Tozzi giocherà da tre?

«Inizialmente sì. Anche per questo qualche rinuncia in più è arrivata sul pacchetto esterni. Abbiamo bisogno di aumentare la fisicità. Sto parlando con Luca per prospettargli il percorso, anche se nella pallacanestro moderna la divisione dei ruoli è aleatoria».

Pur avendo buona mano fronte a canestro e penetrazione è uno che ama ricevere in post basso. Dovrà snaturarsi?

«Io credo che sia un pregio. Anche in A2 non ci sono tante squadre con un 3 con la struttura di Tozzi. Dovrà lavorare molto in estate, ballerà anche nei 4 ma io lo penso in 3».

Filloy giocherà da play o guardia?

«Ariel non è più un play puro, anzi deve tenere palla in mano quando conta all’interno della partita o dell’azione.
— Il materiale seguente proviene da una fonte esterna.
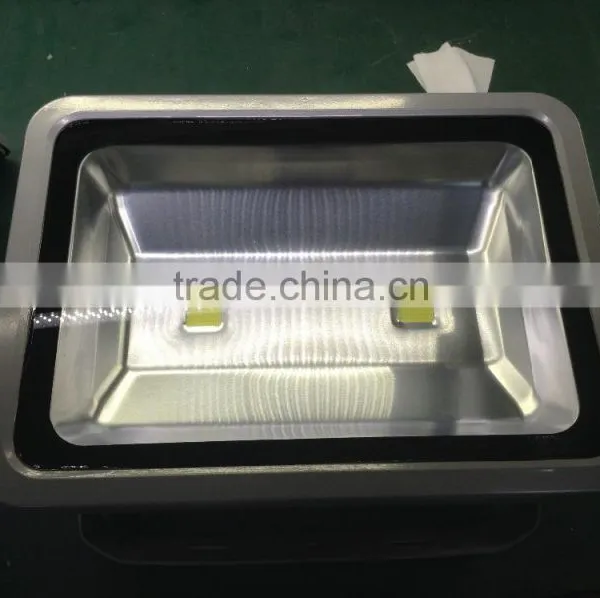 LED Flood Lamp 100W photo-2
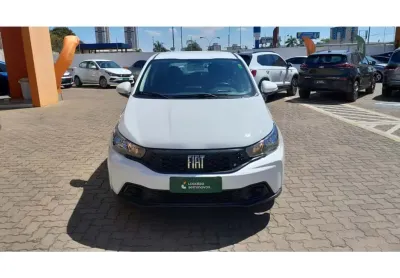 Fiat argo 2024 1.0 firefly flex drive manual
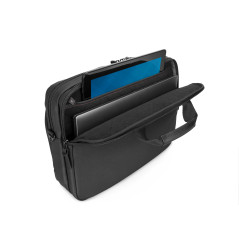 DELL Premier Slim Briefcase 38,1 cm (15") Valigetta ventiquattrore Nero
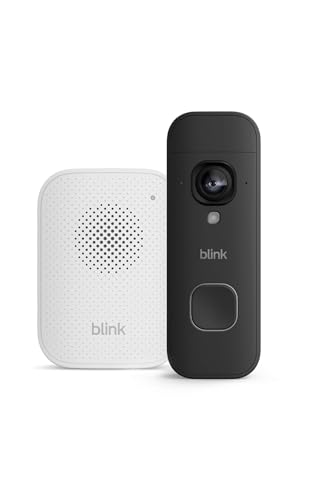 Videotimbre 2K+ inteligente con cámara exterior IP65 y audio bidireccional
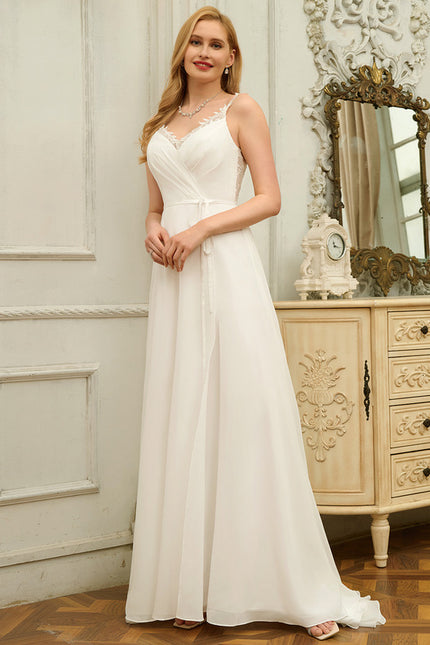 Robe Ivoire Chic - gallery 6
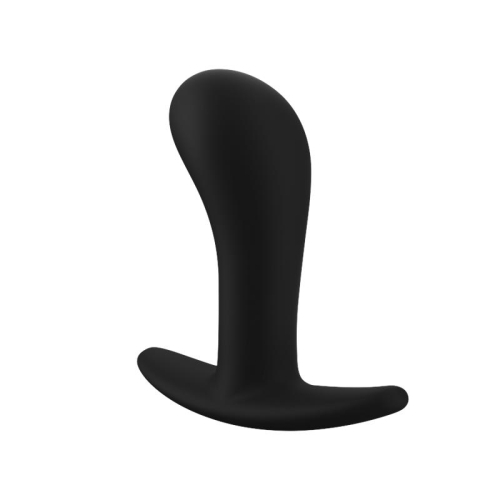 Bootie M Plug Anal Preto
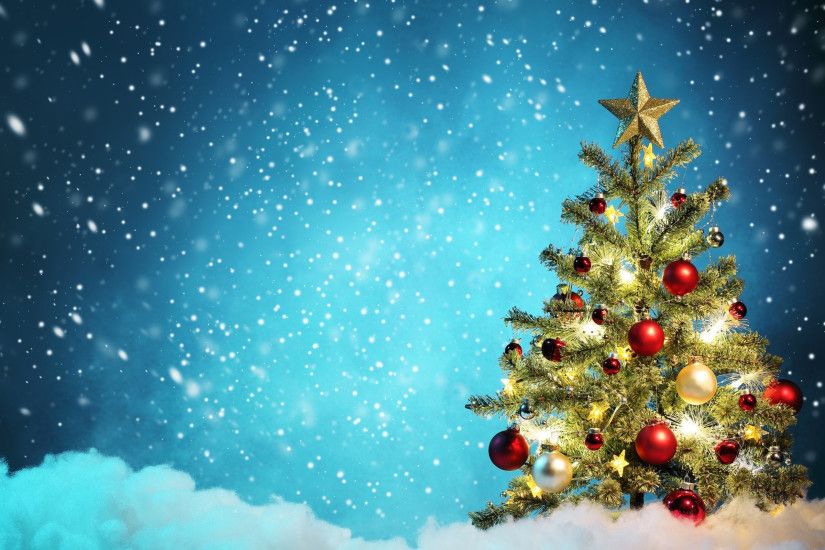 Christmas Wallpaper Collection Free Download : Christmas tree wallpaper  collection for free download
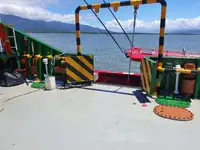 Nave reefer in vendita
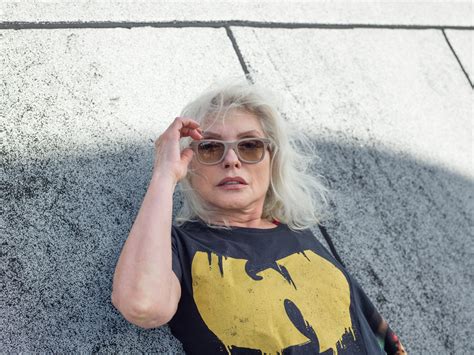 Debbie Harry Net Worth: Incredible Fortune Revealed! - Top Celebrities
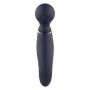Wibrator Glam Dual Wand Dream Toys silikonowy USB 21,5 cm - 4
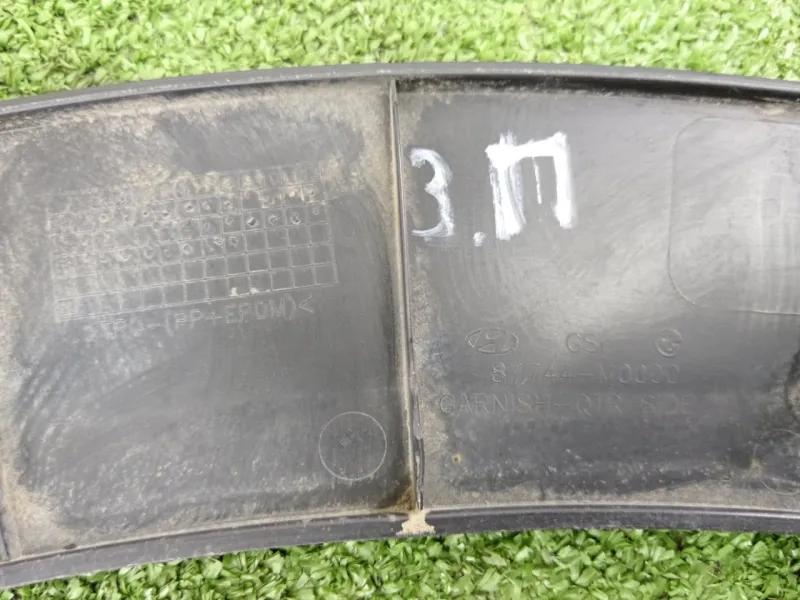 Расширитель крыла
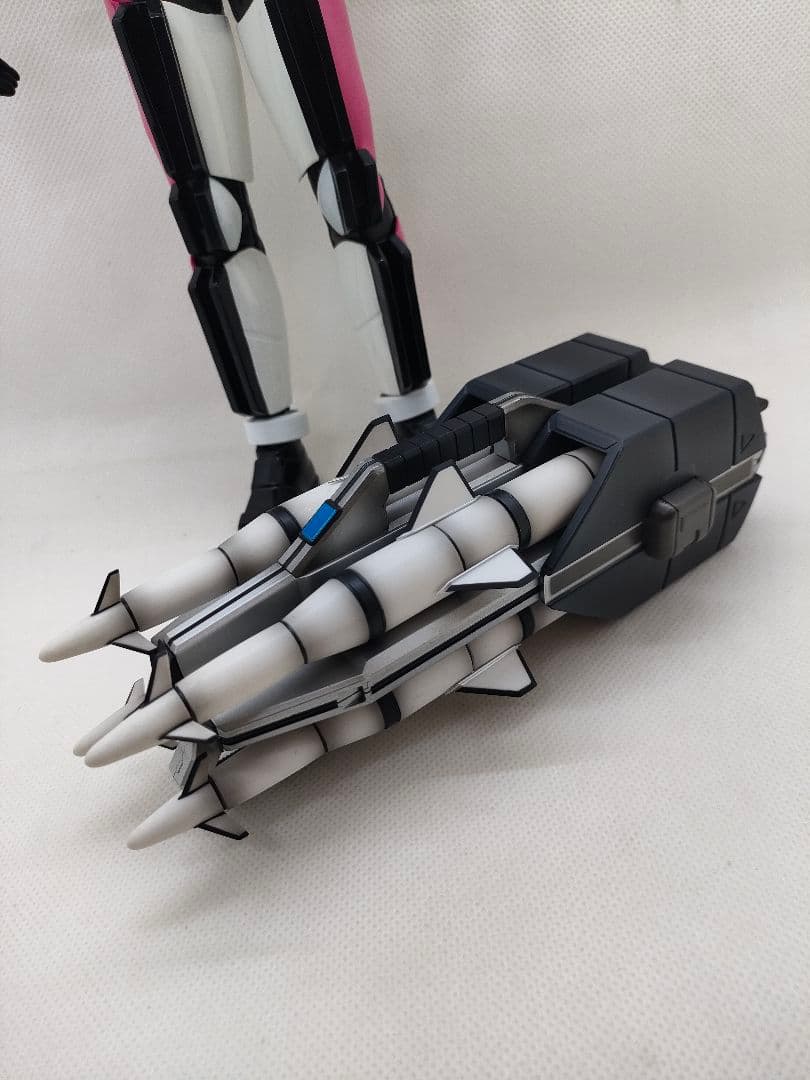 PBM! MOVIE大戦2010 仮面ライダーディケイド 激情態 - メルカリ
Nella nostra idea sarà sgravato da compiti di costruzione e si inserirà nel pacchetto guardie. Ma sarà lui che mi dirà quale è la gestione migliore per essere performante al 100%. Poi sapete che mi piace cambiare quintetti, Ariel è un bell’abito blu, lo metti con tutto».

Ci vuole un play italiano dunque?

«Lo preferirei, ma non è un mercato facile: ci sono profili giovani o tanto costosi».
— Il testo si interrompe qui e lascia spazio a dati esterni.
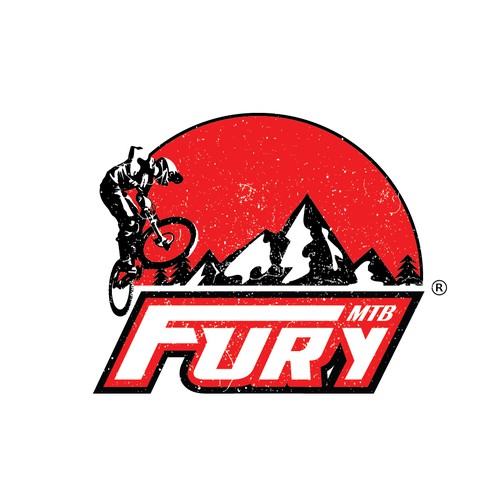 Fury Mtb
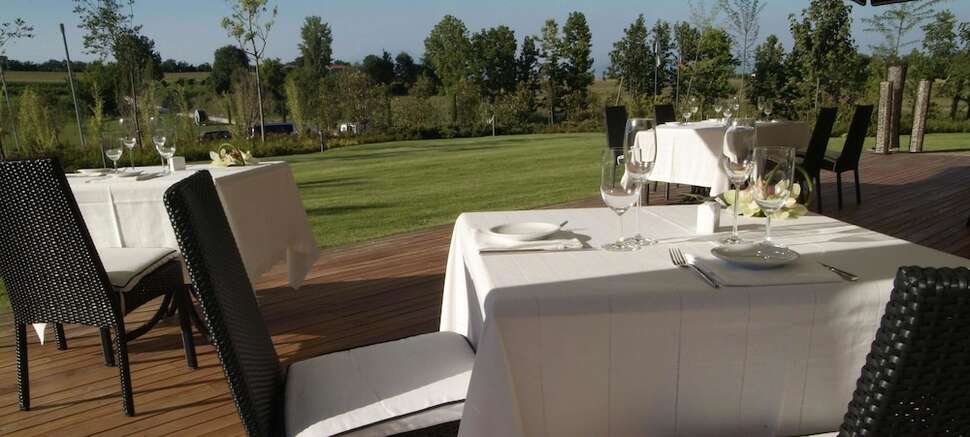 Een foto van Relais Corte Cavalli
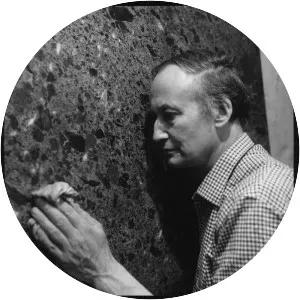 Reynolds Stone - English wood engraver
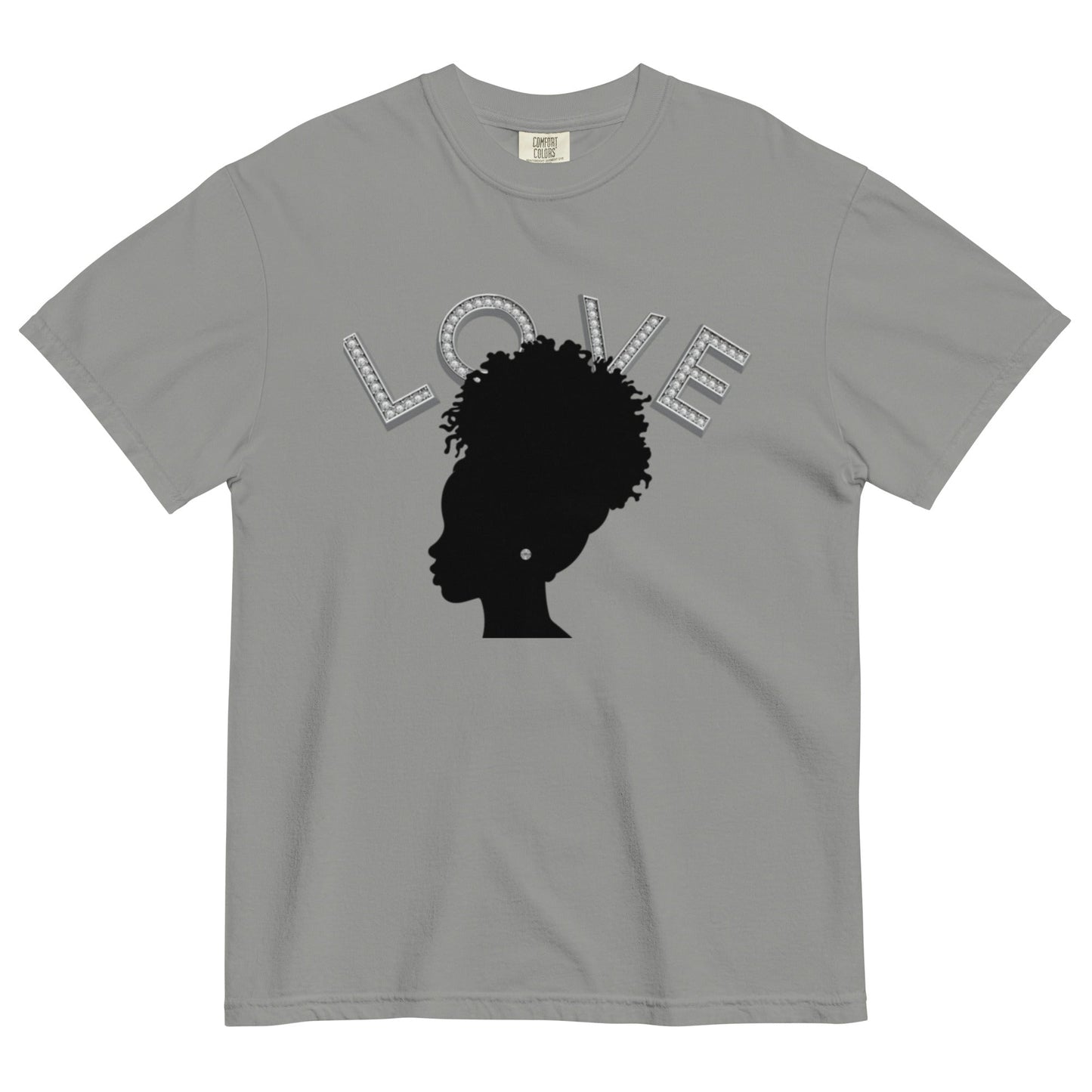 Queen Love - Edukated Threads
Allinei guardia o ala piccola?

«Non farei grossa distinzione. Greg ha caratteristiche da sfruttare in uscita dai blocchi, sugli scarichi, dovremo metterlo in gioco».
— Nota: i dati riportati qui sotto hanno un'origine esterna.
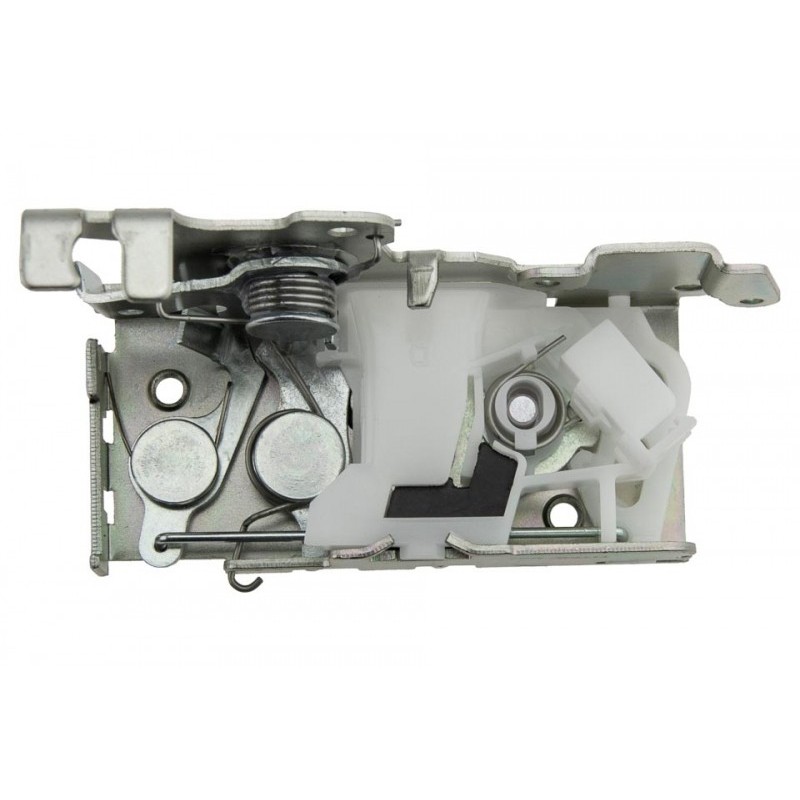 Broasca usa culisanta Mercedes Sprinter -2006, Vw Lt -2006, Dreapta, 2D1843604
Lucarelli (che oggi sarà operato da Chiellini ndc) resta?

«Ho parlato con Jacopo. C’è un rapporto stretto. Vorremmo tenerlo vicino, curarlo noi e quando sarà pronto, con lui, i medici e l’agente fare la cosa migliore per lui».

Ha chiesto la conferma del pacchetto lunghi in toto. Perché?

«Fantoni ha fatto 20 anni in serie A, dovrà solo riposizionarsi ma è mentalmente duro, ci darà una mano enorme. Fratto ha già fatto l’A2 a Chiusi in un percorso che somiglia a questo, da neopromosso tutti dicevano che non poteva farla e invece l’ha fatta molto bene. A livello morale e di leaderhisp entrambi non li scopro io».

Buca è di nuovo una scommessa.

«Non gli si chiederanno cose dell’altro mondo, ma nei minuti che avrà di essere impattante vista la sua fisicità. Ad onta dell’inesperienza sarà ancora in un reparto di grande esperienza. Anche l’americano che cerchiamo compatibilmente col budget ci darà sicurezza».

L’altro debuttante è Bargnesi, che a lei piace molto.

«Per la prima volta da quando è in Libertas può fare il guastatore dalla panchina, che entra e senza grosse responsabilità diventa performante».